I think people are paying too much attention to the plot and not enough to the mechanics in trying to decipher (D-Cipher, missed buddy opportunity there Hideo) what Kojima was trying to say. I personally think it might be a commentary on modern gaming with all its bloat, flaws and cynicism obscuring the pure and true gameplay that is the heart of the medium. I mean, he puts together the most beautiful core gameplay loop, and then surrounds it by hitting all of the most shitty cliches from modern gaming with surgical precision:
-The big empty open world with hundreds of copy-pasted side missions to bloat running time;
-Box and plant macguffins to collect all over the map so the player always feels like they're 'achieving' something, shit, why not collect the soliders and cars while you're at it;
-The uninterested and underused celebrity voice actor (really should have got Patrick Stewart here to hammer the point home);
-Real life timer action; 'check-it-and-forget-it gameplay' with the deployments;
-Important story relegated to audio logs or menu items;
-Shoehorned microtransactions (this one's essential for the commentary to work, imo);
-A game design where 90% of the budget is spent on the ridiculously bombastic first two hours of the story and a couple of set-piece cutscenes (to be used in commercials), while the ending is completely neglected and pretty much unfinished as only 0.000001% of players will ever bother to see it;
-An entire section of the game delayed/missing at launch (Metal Gear Online);
-"Your own personalised home base / house / garage!" (Fallout 4 makes it look like this has potential to become the new "See that mountain?!");
-The obligatory frustrating escort mission;
-The 'tail and listen to these dudes' misson (the Ass Creed special);
-Marketing that gave away 90% of the story and made it look far more involved than it was;
-Constant outrageously over-the-top sexualisation of a female character; but most of all
-The overriding desire to make the player feel like the ultimate badass, and keep them engaged and 'immersed' in some ultimate male power fantasy. The entire story of the game is based around this idea. In your dreams, it's you. You are the badass. This is the big twist.

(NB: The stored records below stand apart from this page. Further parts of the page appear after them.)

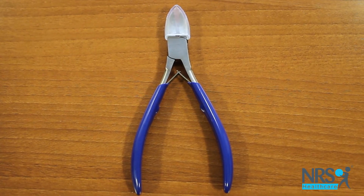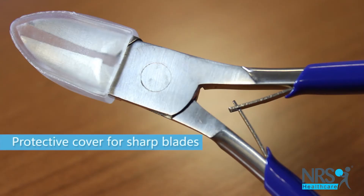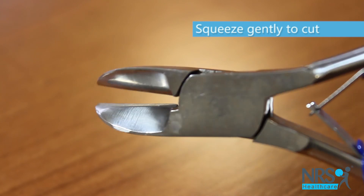Their long handles are easy to grip. The sharp, curved blades cut easily and a protective cover is provided for safety. Simply squeeze the handles gently to cut.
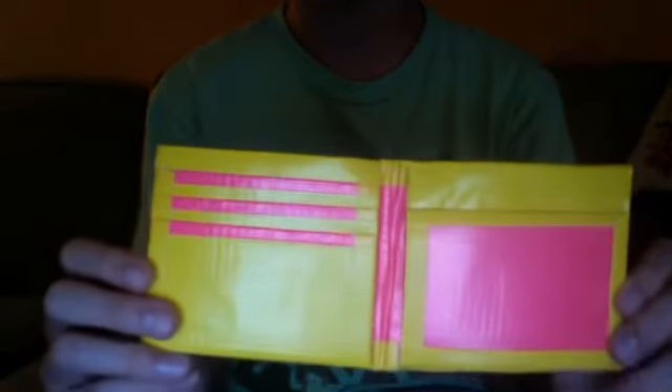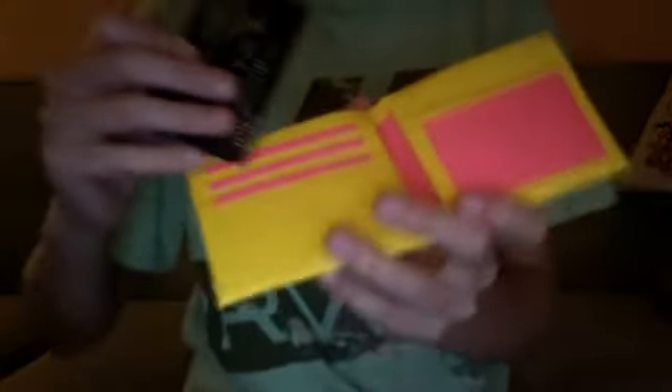Let me zoom in a little bit so you can see it better. The inside has a pink ID, pink center fold, and pink brims. It's a really clean cut wallet. I thought these two colors would go great together and they do.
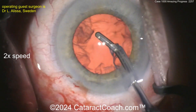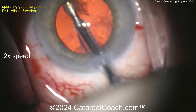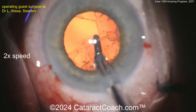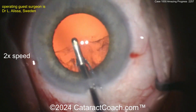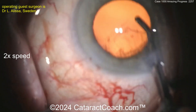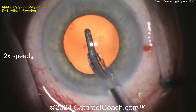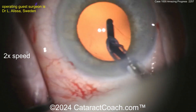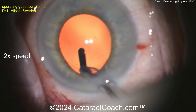Cortex removal is going to be pretty efficient here. We'll get the lens in and call this a day — routine case, but the surgeon has made great progress. Removing the lens cortex — now the pupil may expand a little bit from higher infusion pressure from the IA probe. Maybe a little bit of capsule polish in there. I don't want to leave any smudgy lens material on the posterior capsule if I can help it.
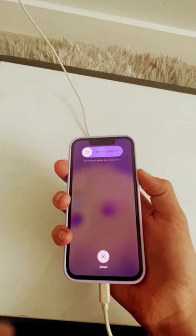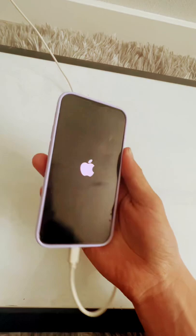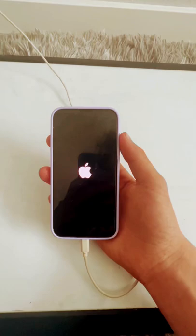Just keep on holding. And here we go, the Apple logo appeared. Now as you can see, it's good as new.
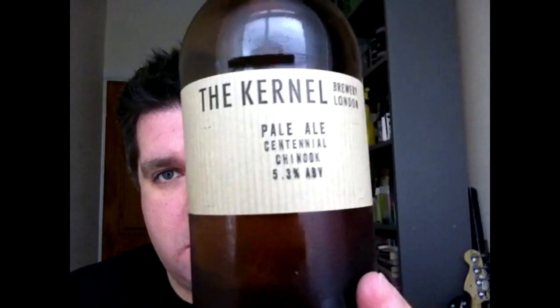Hi, I'm Rob from Hopteen.com. Thanks for joining me for another video beer review. This time I'll be looking at a beer from the Colonel Brewery in London. It's their Pale Ale Centennial Chinook, a 5.3% pale ale.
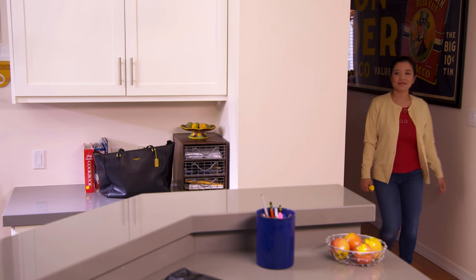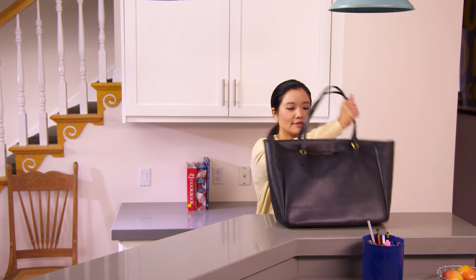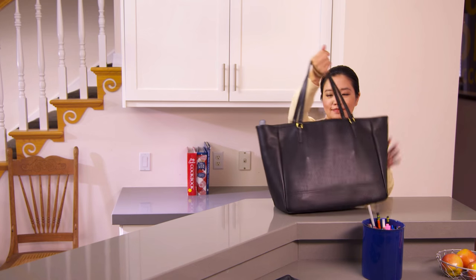An auto-injector can be stored almost anywhere that's room temperature. It shouldn't be kept in the refrigerator or in a particularly hot place like a car. And it should always be stored in its case to protect it from sunlight and any possible damage.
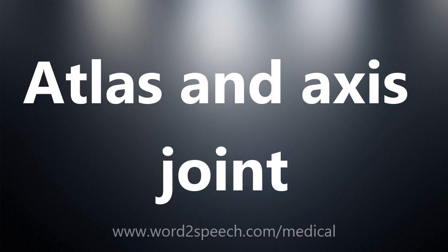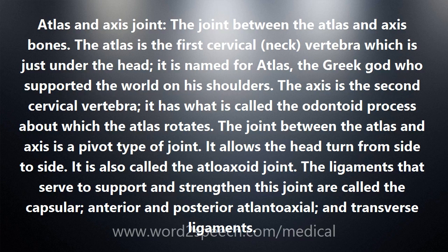Atlas and Axis Joint — the joint between the Atlas and Axis bones. The Atlas is the first cervical, or neck, vertebra which is just under the head. It is named for Atlas, the Greek god who supported the world on his shoulders.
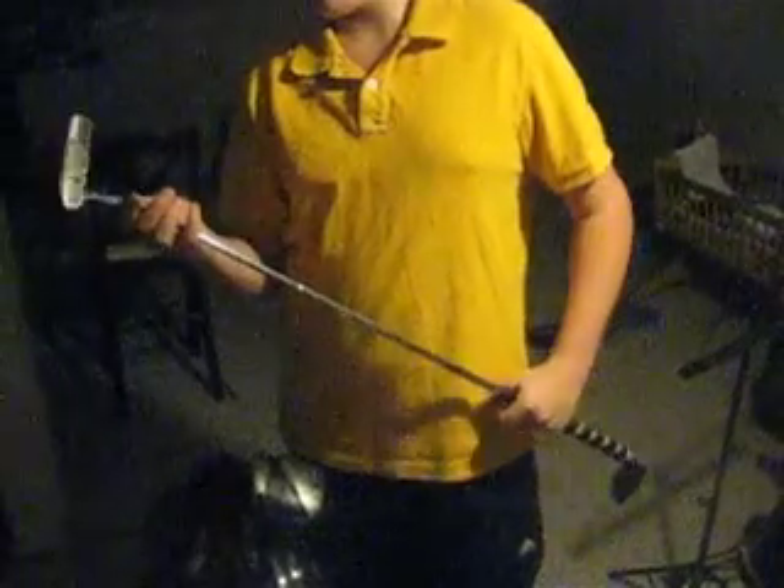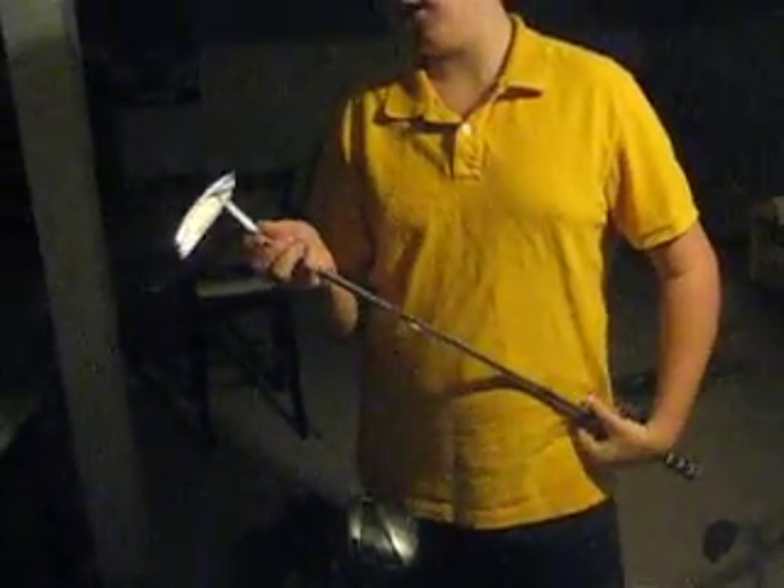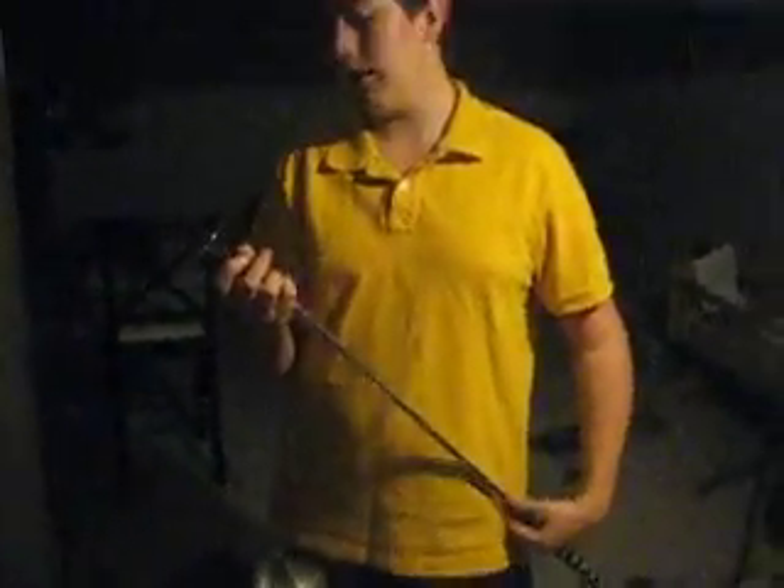I have a Dunlop putter, Dunlop Brass Enhanced 34 inch. I love it. I'm hopefully going to get a new TaylorMade putter or Odyssey putter.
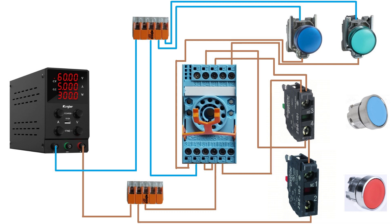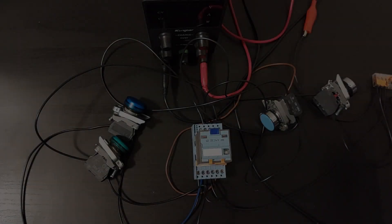Now everything is done wired. Let's test out how the holding circuit works out.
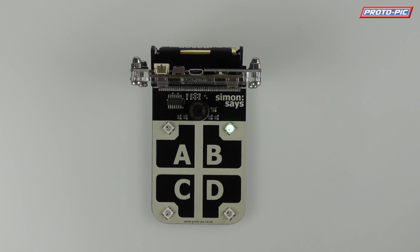Thanks very much, and if you want to buy one of these Simon Says boards you can click on the link below and it will take you directly to our website. And if we don't sell directly to your territory, then you can check out the distributors tab on the page and see if there's anyone locally to you who does. Thanks very much, bye.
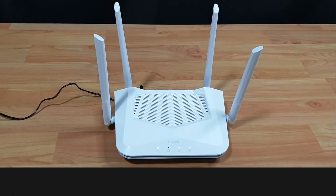The reset is very simply done by using a pin and pressing on the reset pinhole. Here's how it's done.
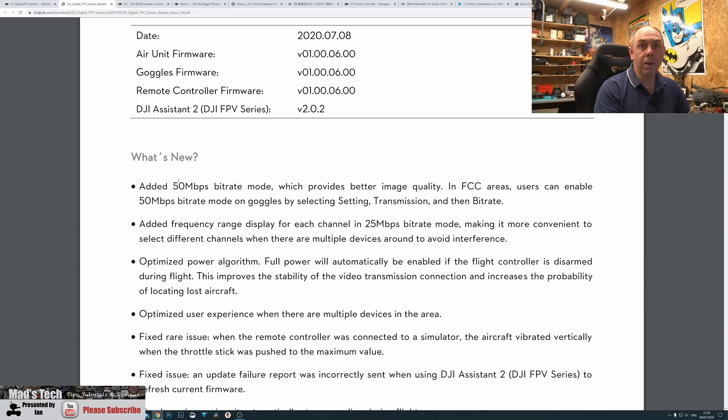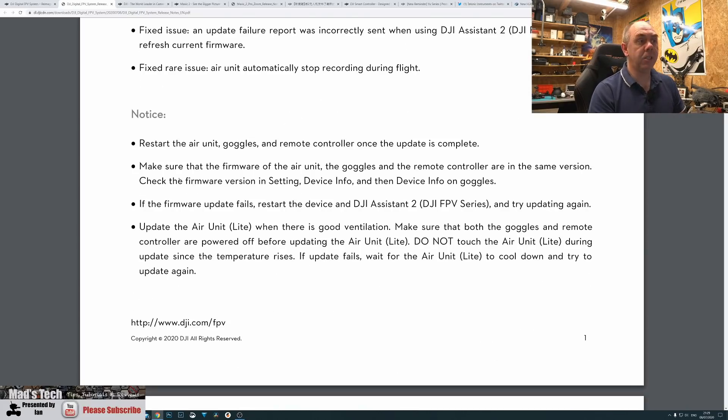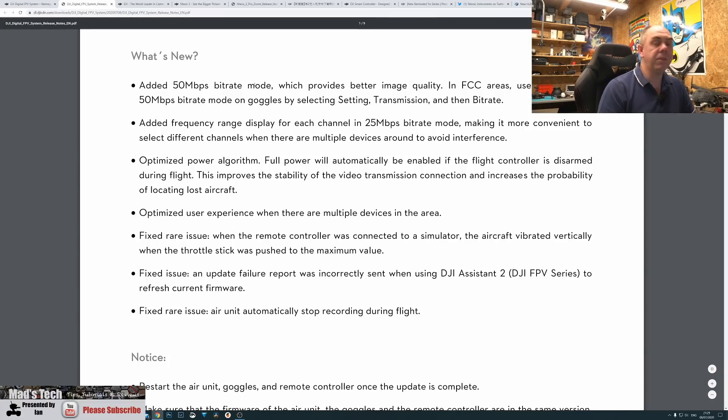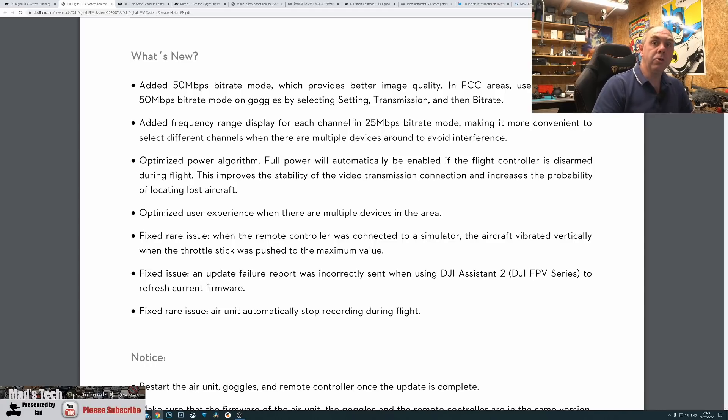Just to be clear, the 50 Mbps mode only works in FCC. You will need to make sure your unit is in FCC to use this, and if you're not in FCC you would need to look at the FCC hack to get it to work. Further to that, this new 50 megabits mode only works in the non-public channel, so you must make sure you're not in the public channel when testing this, otherwise the option won't be available.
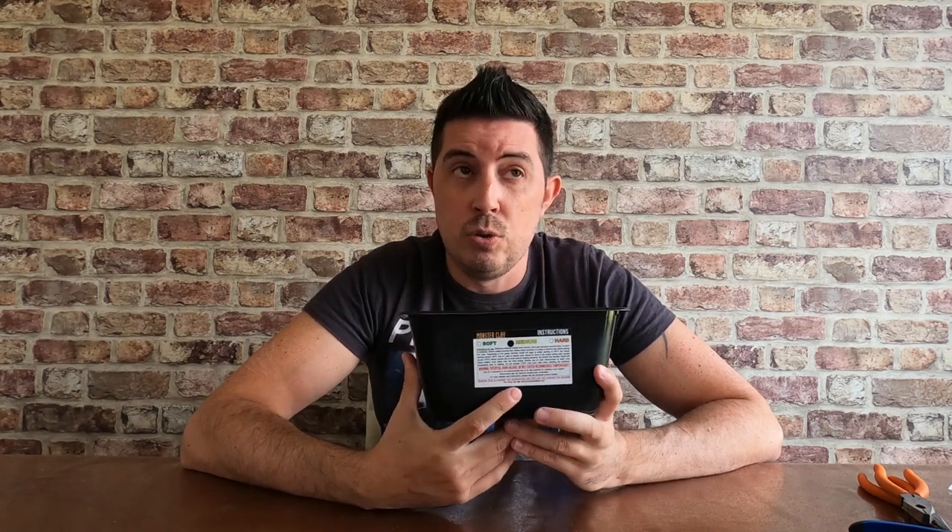So that's the clay. Monster Clay — you can pick it up from Amazon. I think I paid around £30 for a tub of this. That sculpt you saw earlier used roughly about half the tub, and there was a lot of clay going into that sculpt. So it does last. For that sculpt it cost me £15 in clay and countless hours of fun if you're into sculpting.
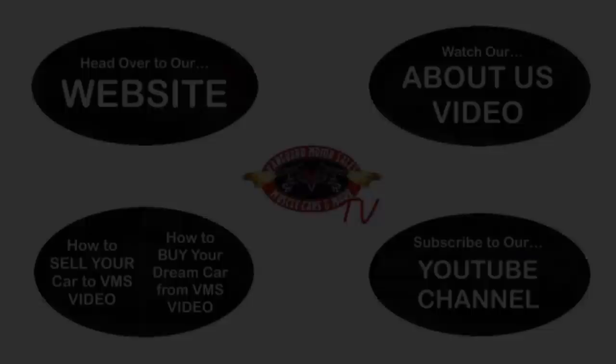We've made it really easy for you. Click on any one of these five pictures here and it'll take you right to whatever you're interested in. We're going to give you about 30 seconds to click these pictures — if you need more time, just go back in the video and click that picture. We'll see you next time.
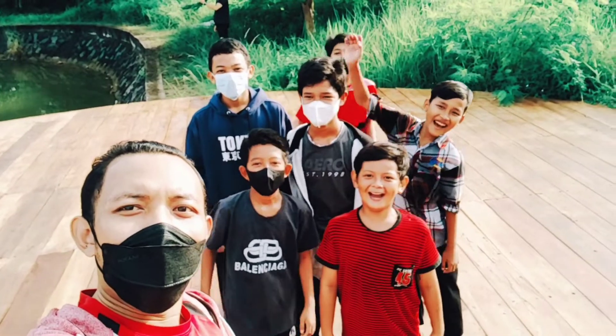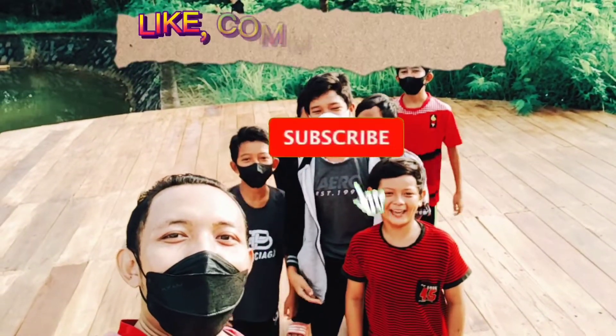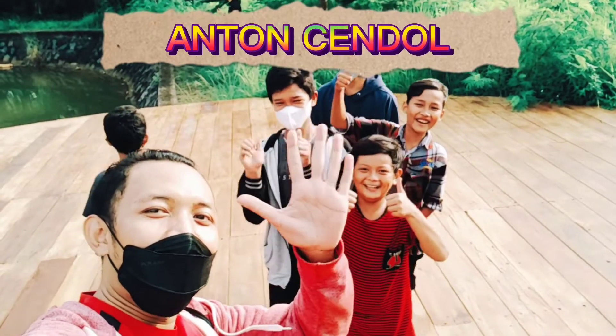Halo, jangan lupa like, comment, subscribe di Anton Cendol. Oke, thank you. Dadah!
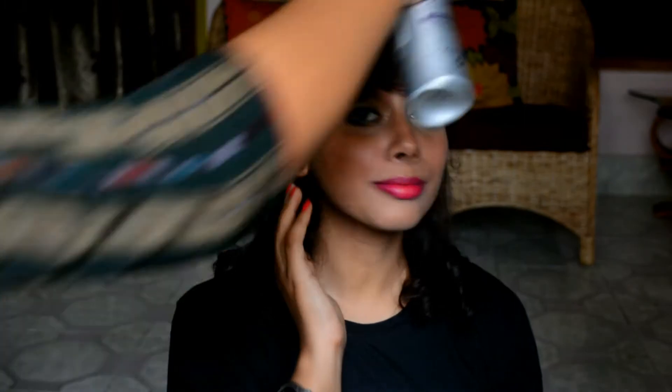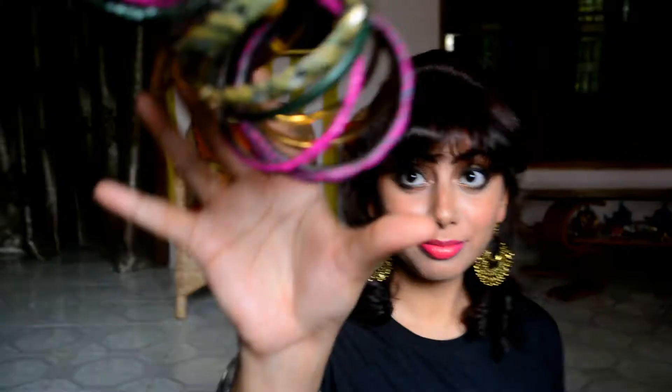Finally, I'm setting her hairstyle and makeup with the hairspray and a makeup setting spray, and then she's good to go. Here she goes — the diva, all set for Diwali!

It's all there, save for a minigame for when Snake picks a lock or a hacking minigame at Mother Base. (That would have made the whole thing too obvious, really.) It's clearly a satire of modern games, and what it takes to sell a modern game, and, I suppose, what a publisher
demands from and in a modern game. And how despite all of those issues - or indeed perhaps because of them - you can sell millions and get rave reviews on the back of hype, marketing and
. Bravo Kojima. Bravo.
I'm sure someone else can make a better fist of that argument than I can but the guy's shift towards the Western zeitgeist here is unmistakeable and blatant, even if some of the points above are tongue in cheek / not perfectly serious.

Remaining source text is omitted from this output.